I could not go this time.....not that many days away form here and the furry children and the guy in the basment and the paper route....

and I am tired......I think today is the last day I am the sub janitor at school....the lady that does it should have been back a few days ago..but she got stuck in utah...it snowed.......so it is warm and sunny and she should be back soon....

it is not that I am doing alot......it is more that there is always one more little nagging thing that needs to be done to make life easier...and I am the one that is in the position to get it done the easiest......

so I do it......
I have huge fluffy pillow now ..and have been sleeping better....it is a gaint u shaped thing...as tall as I am......so I can snuggle.......
it works great...so maybe the tossing and turning at night will go away for good......

I have been a bit restless lately.....marking things off my to do list......and with Ian now gone ..and all the packing done....I can take a quick break....before Morgan and Micheal arrive......
b
they will probably not be around alot ..they have stuff to go do ....which is find......and we can babysit her doggy......
my old dog (lady) has trouble getting up and walking now.......whd waddles and groans.......not much trouble really ..but I will keep her in her own little suite..just to make life easier

Chance will love a new playmate...and Petrie will be fine as lone as it is not another girl dog in her territory.....
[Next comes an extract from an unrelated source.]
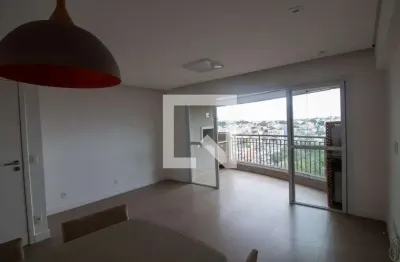 Apartamento para Venda - Campo Belo, 3 Quartos,  87 m² - São Paulo
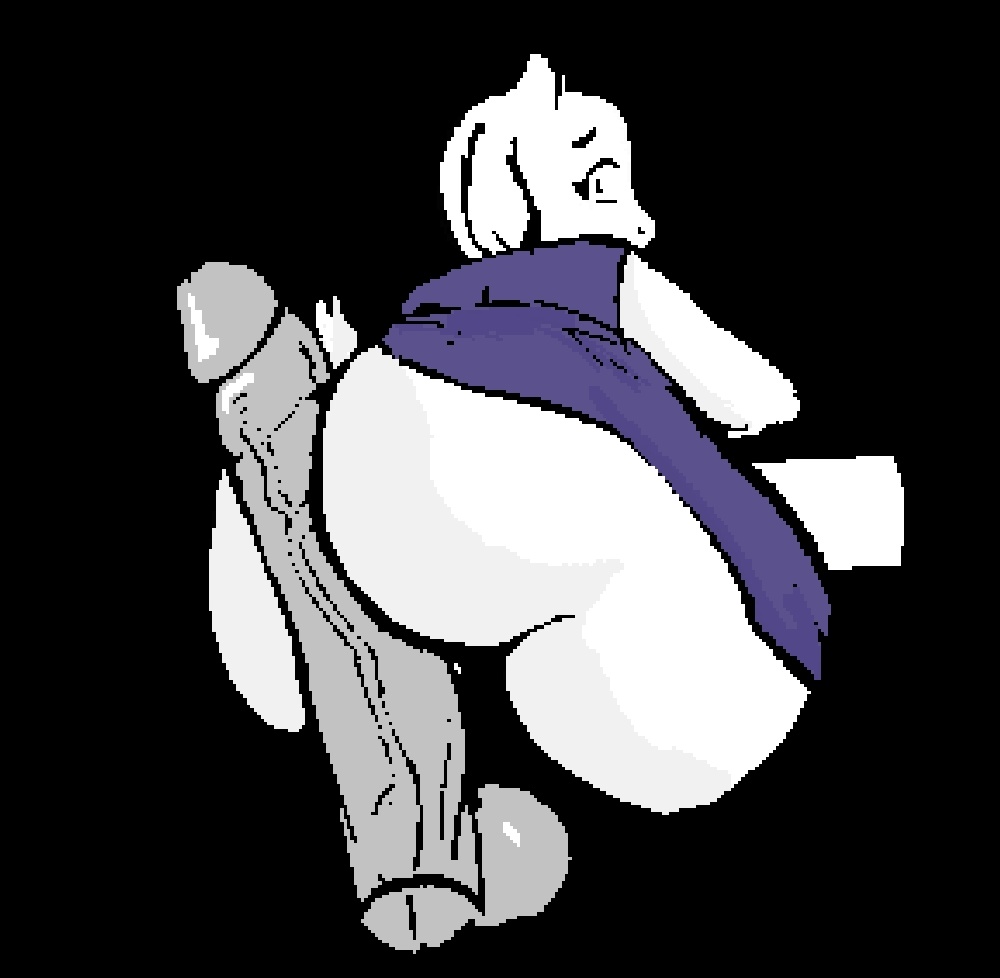 Rule34 – If it exists, there is porn of it / toriel / 11311657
so the weekend is looking ok........

the finals should be all over for the college guys....and they will be concentrating on jobs...and finding money.....I sent homw the sunday paper with stuff circled.....(how pushy is that ha)
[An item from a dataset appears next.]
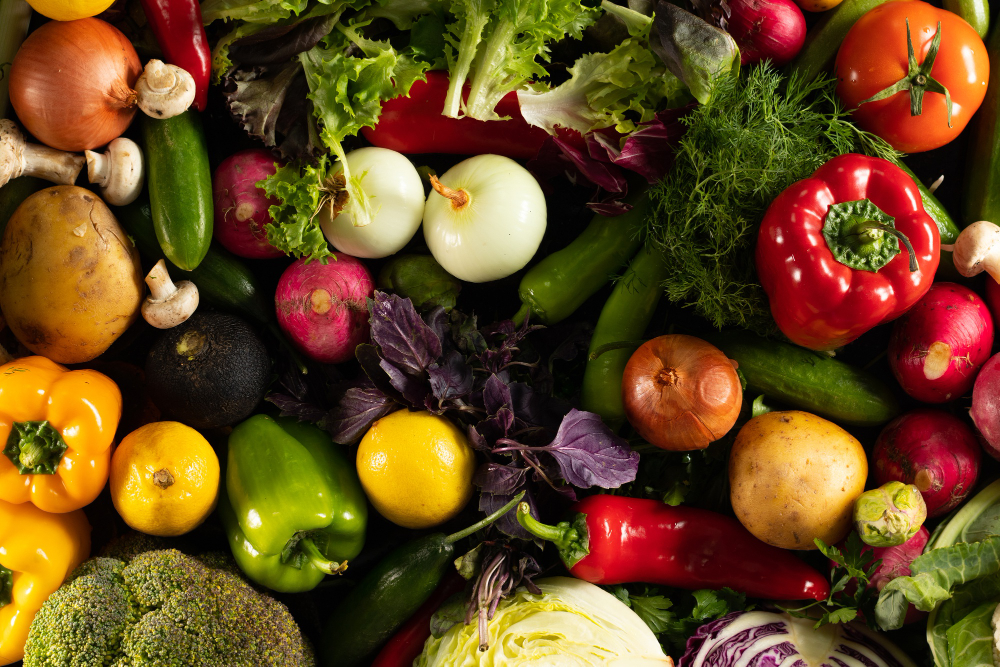 Verduras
but I look for me mainly.....I would like a part time job.....

but today I am going over to the tv and vegg ..until noon anyway.......

whew.......

try again

it snowed and slushed on us today......it was interesting getting hit by slush balls thrown by trees!!
my last message was written quickly and half-thought out and then I had folks interrupting and then a few looking over my shoulder and then a few animals on the key boards.....

so I will try to explain a bit more......this time of year .(.mom day)..I get very reflective.....the mom job is the most important thing I will ever do in this lifetime...and I reflect on how to do it better.....or what the results are to previous efforts....

for example: does the mothering techniques of my grandma and mom differ from mine ...mine now and mine 20 years ago??? which shows best results??

and my baby girl is talking about being a mom too....what will her techiniques be???

is it better to let the kids go wild....alot of freedom ....take care of yourself and your needs first...better to make the kids become the adult and take care of you?? better to make them worker bees...and you are jsut raising an army of hardworking productive people??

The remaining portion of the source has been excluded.